Playwright Reyes (Theater/Arizona State Univ.) casts a grateful eye on the past and his mother’s many sacrifices in a strange land.
An immigrant from Chile in the turbulent 1970s, María brought her “love child” along with her, a boy whose father had at least given his son his last name—“and this fact, my mother convinced me once, pulls me up a notch or two in the hierarchy of bastardom.” María is a thoroughly complex woman, diligent, intelligent and hopeful for a life as a teacher of language and literature. Instead she ended up cleaning houses in Los Angeles, where, in one shining moment, she snuck a snapshot of herself holding the Oscar awarded to a client for producing the movie Annie Hall. For years she told stories of having worked for that famous film tycoon, though finally she confessed that it had really been a friend who was employed by the Hollywood rico.

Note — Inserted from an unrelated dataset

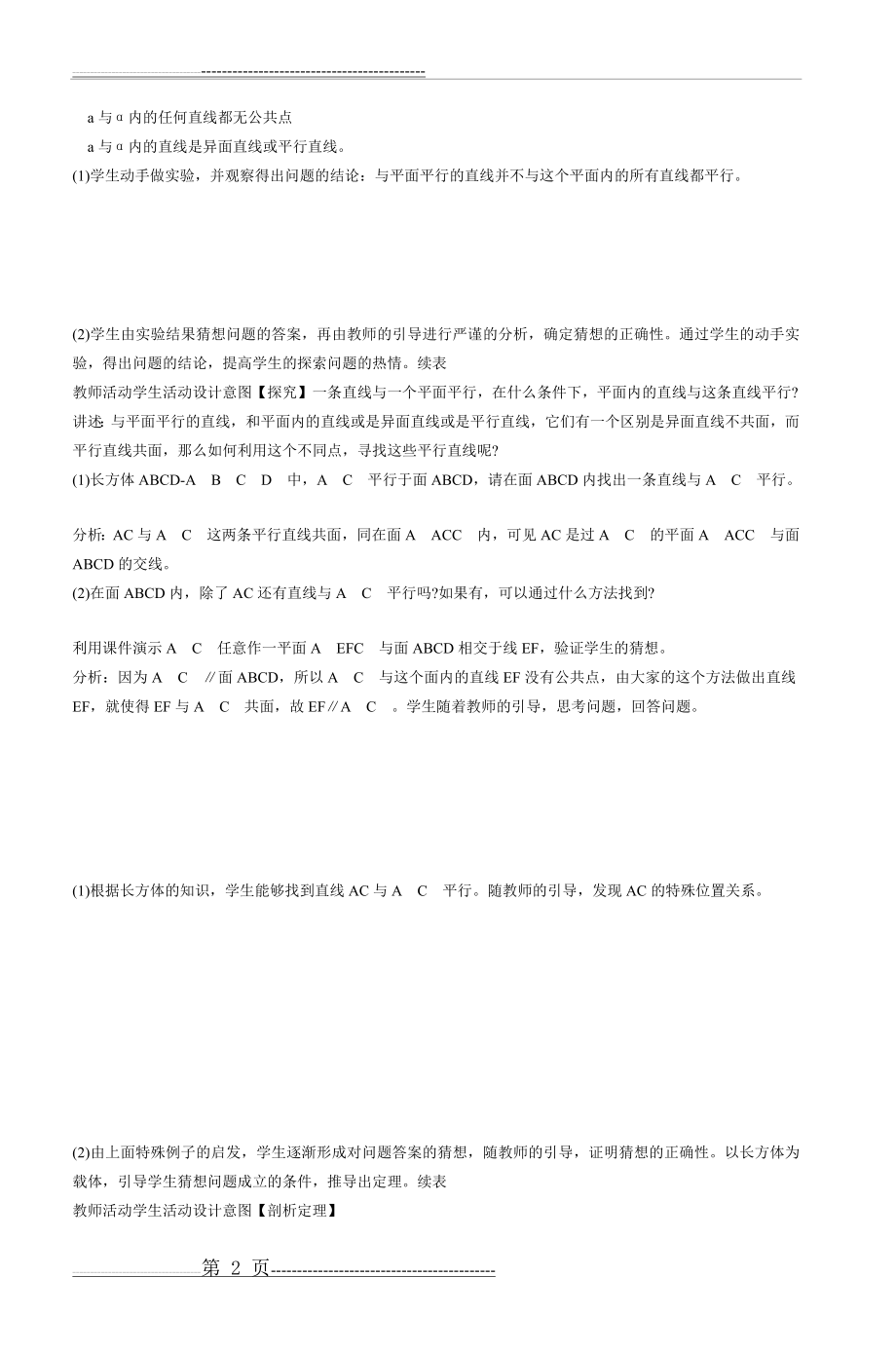 新课程高中数学优秀教学设计与案例高中数学(106页).doc_第2页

Meanwhile, Reyes was growing up conflicted because of his homosexuality, not to mention the embarassment he felt toward his mother during his teens. Reyes confesses much later, as María lay dying in hospice, that he felt “estranged from her final days,” but not, in the end, from her, who did nothing but sacrifice for him. Much of the book, too, has an estranged feel, a kind of narrative flatness extending over a story that has only a few critical moments. “You write as if you had an accent. You sound foreign on the page,” noted one playwriting classmate. Here, however, Reyes often sounds merely detached.
A fairly humorless recollection of a hardworking mother, but still an affecting homage to “the boundlessly life-affirming memory of her.”